● Exercise:
Every line below should come back exactly as written, though the pictures stay out.

● Given data:
= Beginning of Section =

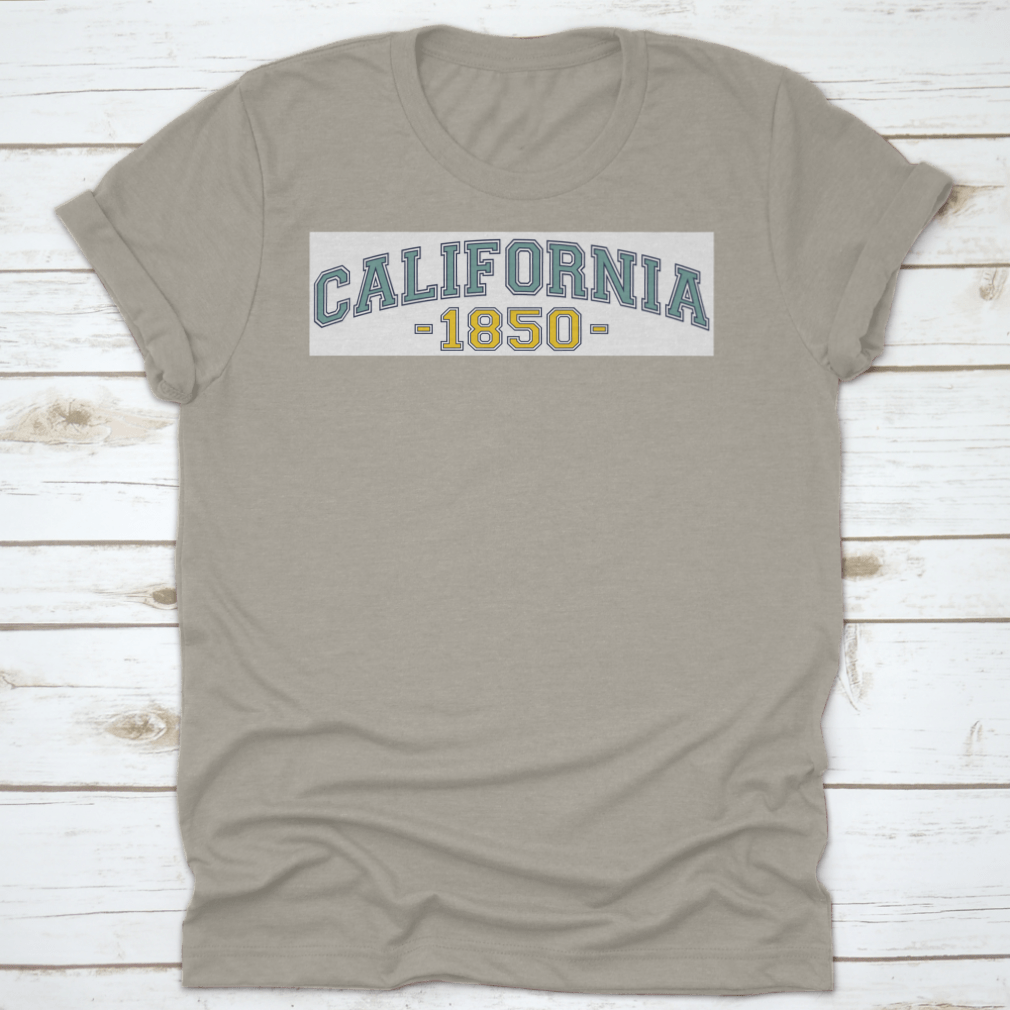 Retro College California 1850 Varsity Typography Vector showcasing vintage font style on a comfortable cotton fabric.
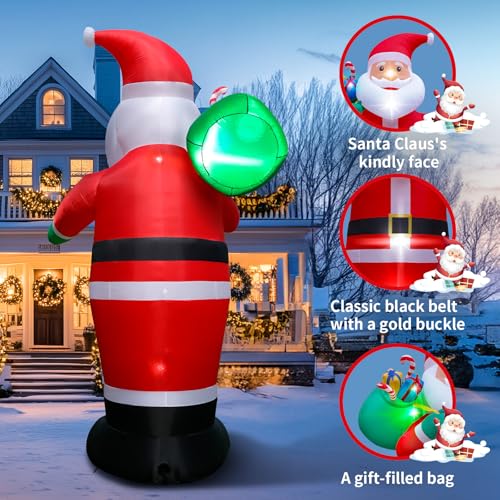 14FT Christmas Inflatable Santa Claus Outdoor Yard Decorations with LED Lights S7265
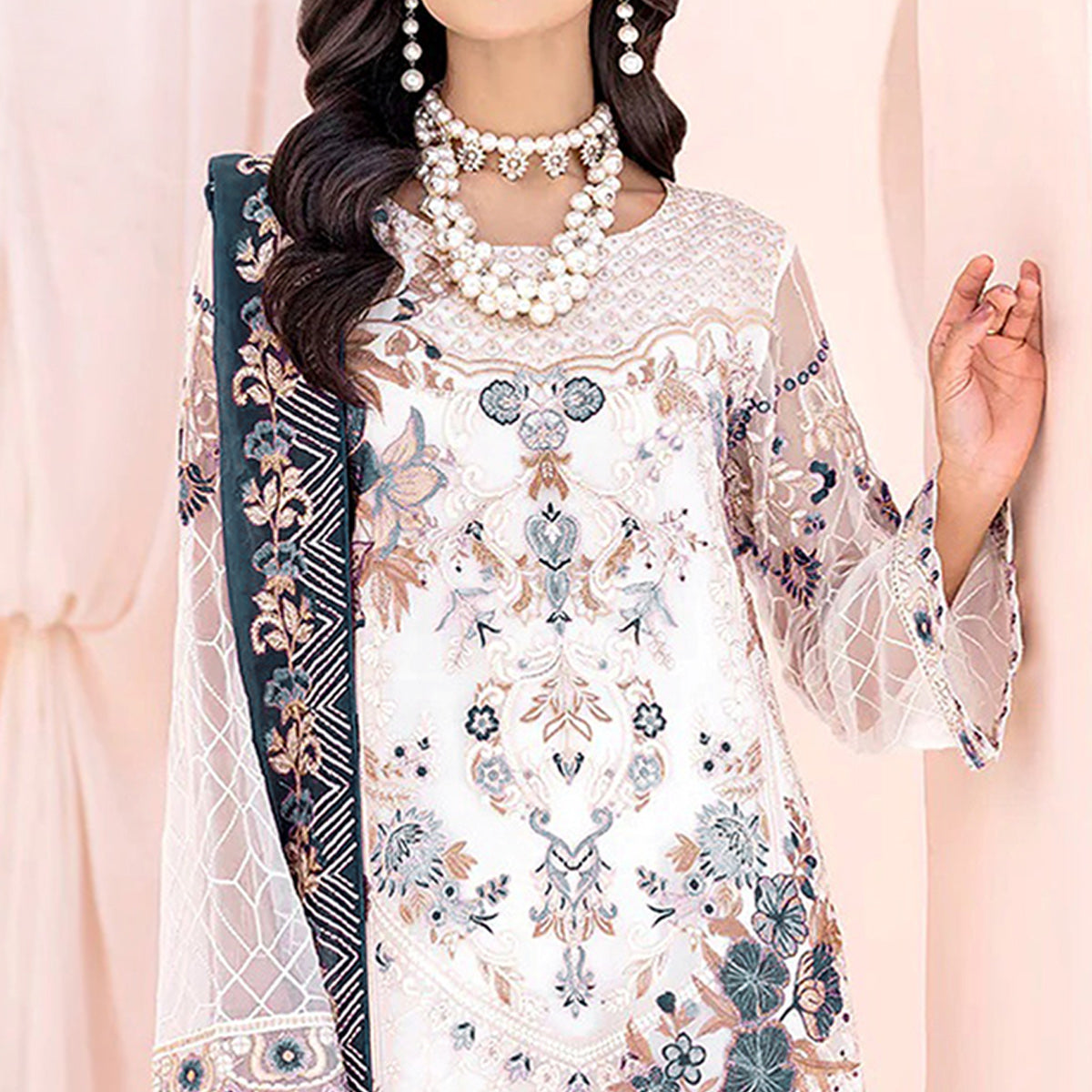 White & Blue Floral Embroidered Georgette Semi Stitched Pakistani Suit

= End of Section =

● Answer section:
 Retro College California 1850 Varsity Typography Vector showcasing vintage font style on a comfortable cotton fabric.
 14FT Christmas Inflatable Santa Claus Outdoor Yard Decorations with LED Lights S7265
 White & Blue Floral Embroidered Georgette Semi Stitched Pakistani Suit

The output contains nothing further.